First I doubt that testing the learning rate with such fine increments is really necessary. It’s not that critical to have an exact optimum value. Just getting close is good enough.

Typically you’d use an approximate log range of values using ratios of 1:3:10.
So maybe use 0.001, 0.003, 0.01, 0.03, 0.1, 0.3, 1.0. If the data set is normalized, that should cover all the likely values.

Regarding your plots and why the best learning rate doesn’t line up with the step function in the cost plot, I suspect there’s an error in your code.

Note that normalizing the dataset is a critical first step. Doing this will make it a lot easier to find the best learning rate.

And remember, you’re looking for “good enough”. There should be a big range of learning rate values that give just about identical performance.

What do you mean exactly by testing the LR with such fine increments? Would it be possible for you to reference what you are saying in relation to the code I provided?

Do you mean to adjust these log scales in relation to simply viewing the values on the plot? And yes, I am normalizing my data set.

Are you referring to a possible problem in the code only in relation to the red line that denotes the optimal learning rate?

Ok, I’m normalizing the data set. Yes, being good enough would be enough, of course.

Thanks!

Your plot shows that you’re testing with learning rates that are spaced at approximately 0.00000003 units.

Interval: 15.61e-6 - 15.58e-6 = 3.0e-8

I think that is not necessary or useful.

Yes. Start by only using these learning rates:
0.001, 0.003, 0.01, 0.03, 0.1, 0.3, 1.0

Once you identify the interval where the minimum lies, you might then test again using a few points within that interval.

Could be either.

Ok, I understand now.

Right, and how do I adjust this in the code? Could you help me, please?

Ok. Could you please help me check this problem in the code?

Thanks!

Updating your code is best done by yourself. I’m not familiar with your project code, and as a volunteer, I’m not inclined to do it for you.

Well, I thought this was a help forum, and I didn’t ask you to update my code, just to help me. I didn’t understand the sentence about the code update is better if it is done by myself. If I don’t understand, I should seek help, right? How am I going to solve something If I don’t know what to do?

It’s ok if you’re not familiar with the code and that you’re not willing to help, thanks!

This is a forum for questions. I’m not available to work on your code.

Perhaps someone else from the community will be able to help.

We don’t know that code either: it’s something new you just presented to us. And I guess what you are saying is that you don’t understand that code and you’d like us to do the work to understand it and then explain it to you or perhaps even debug it for you. You may get lucky and there is someone listening here who is sufficiently curious about the topic that they are willing to do that work for you. Please realize that the mentors are just volunteers here. We don’t get paid to answer questions. So when you ask a question about something that is beyond the scope of any of the courses here, we have a choice of whether we want to spend our time in that way.
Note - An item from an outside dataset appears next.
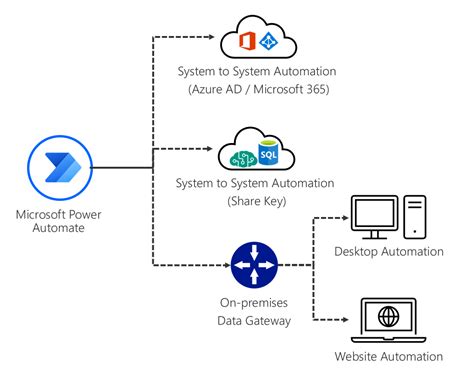 Power Automate Security and Compliance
You gave a link to the paper on which this work is based. Have you read the paper?

Yes, I know it’s for questions, and automatically, it’s a help forum. And again I say that there is no problem with you not being available to help me, I just found it strange the way you talked about how updating the code is better if done by myself, especially because if I knew how to update the code I wouldn’t be asking for help. Thanks.
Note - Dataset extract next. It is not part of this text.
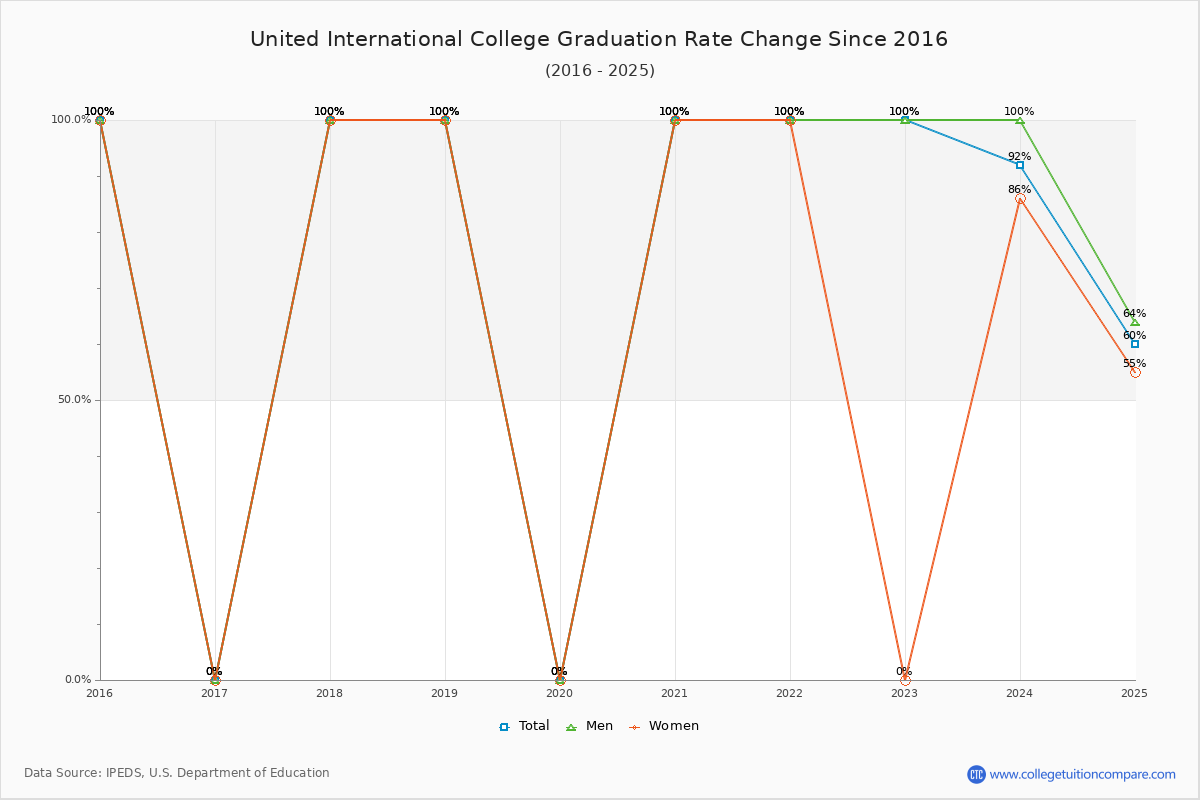 United International College Graduation Rate Changes Chart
I took a quick look at the paper. I didn’t read every line, but my take is that what they are saying is not that there is an optimal learning rate, but that they got better training results in fewer iterations by varying the LR in a range in a triangular pattern. Meaning that they raise it and lower it alternately. So it’s unclear to me what they mean by that code implementing something from the paper to find an optimal learning rate.
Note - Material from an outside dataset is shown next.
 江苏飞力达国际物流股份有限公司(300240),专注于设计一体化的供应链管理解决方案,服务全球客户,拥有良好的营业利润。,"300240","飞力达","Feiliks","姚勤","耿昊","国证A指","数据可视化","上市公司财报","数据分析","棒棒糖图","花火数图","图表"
But this was with less than 10 minutes of effort, so I’m very likely missing the point …

“to do the work”? Look, I’m trying to get help, I’m not saying you have to help me. So does this mean that in your opinion, a person who wants help wants someone to do the work for them? I know that no one is paid here, and no one is obligated to help, I’m not complaining that they’re not helping me, I’m just commenting on the way I’m being answered to.

Of course, at some point did I say that someone is obligated to help me?

Ok, thanks. Check this link for example for more info about learning rate finder: Learning Rate Finder — PyTorch Lightning 1.4.9 documentation.

1 Like

Yes, the problem is not understand the paper, but the code that is based on the paper.